Jeffrey Kleintop, Charles Schwab’s chief investment strategist, told Business Insider that if there is a bitcoin bubble, it is not like the dot-com and housing bubbles. If bitcoin prices fall, it will not be for the same reasons as the other bubbles since bitcoin is not yet embedded in the economy and the financial structure the way dot-com and housing stocks were. Any fallout in bitcoin prices would be reflective of developments unique to bitcoin.
Kleintop, whose company manages $320 billion in assets, said he gets asked whether or not bitcoin is a bubble every place he travels throughout the world.
Kleintop is one of several experts who has differed with those who have called bitcoin a bubble waiting to burst.
Goldman Sachs CEO Lloyd Blankfein recently told Bloomberg he wasn’t willing to “pooh pooh” the cryptocurrency, despite having a certain “level of discomfort with it” as is the case with anything new.
Morgan Stanley CEO James Gorman also recently stated that bitcoin is “more than just a fad” that “isn’t inherently bad.”
Da Hong Fei, founder of NEO, the 12th largest cryptocurrency with a market capitalization of $160.852 million, has said that even if bitcoin is a bubble that eventually bursts, the cryptocurrency will recover and even become bigger.
Kleintop said 2018 will be a strong year for equity valuations, and the first year for back-to-back, broad economic growth in more than 10 years. The top 45 economies all are expected to grow next year, pointing to further earnings growth.
In 2017, earnings increased every month as stocks rose, he said.
Yield curves are flattening slightly, Kleintop said, which is one area of concern for 2018. The yield curve could portend a recession in 2019 or thereafter.
There are risks to watch out for in 2018, he said. There is a possible slowing of China’s economic growth, which would impact the entire world.
Geopolitics and natural disasters are always a concern, he said. Any slowdown in economic growth in 2018 could be adversely affected by politics or natural disasters.

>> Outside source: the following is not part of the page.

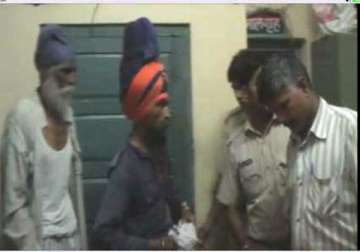 babas use knives kill one passenger injure 4 on chhattisgarh exp near mathura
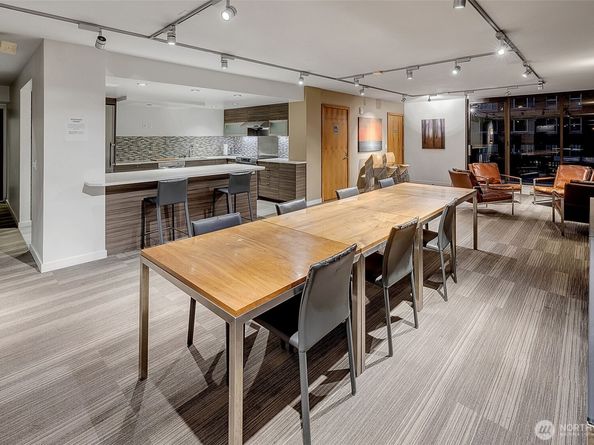 2201 3rd Avenue 2206, Seattle WA 98121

Kleintop is not concerned about any action by the Federal Reserve that would lead to inflation. He said inflation is beginning to rise, meaning the personalities at central banks are less important. He said the Fed will likely announce two or three rate hikes in 2018. This will not be a big risk since the market is prepared for these hikes.
Kleintop encourages investors to think globally in 2018. Global stocks have outperformed the U.S. market in the last year or two. Global stocks are more cyclical and more inflation sensitive. In addition, the valuations are more attractive.
It is important for investors to diversify, he said. Investors typically look for a certain country or sector to do well, but for the first time in 20 years, there are lower correlations between how different markets behave in relation to each other. This points to the best benefit from diversification in 20 years.
Kleintop said the tech sector outlook is strong, driven by business spending in this area. He said more business spending on technology could witness more earnings momentum in 2018.
Kleintop said tax reform is happening worldwide, as countries cut corporate taxes. Besides the recent activity on this front in the U.S., France has proposed corporate tax cuts for 2018, Japan has already enacted some, and the issue is under discussion in Germany.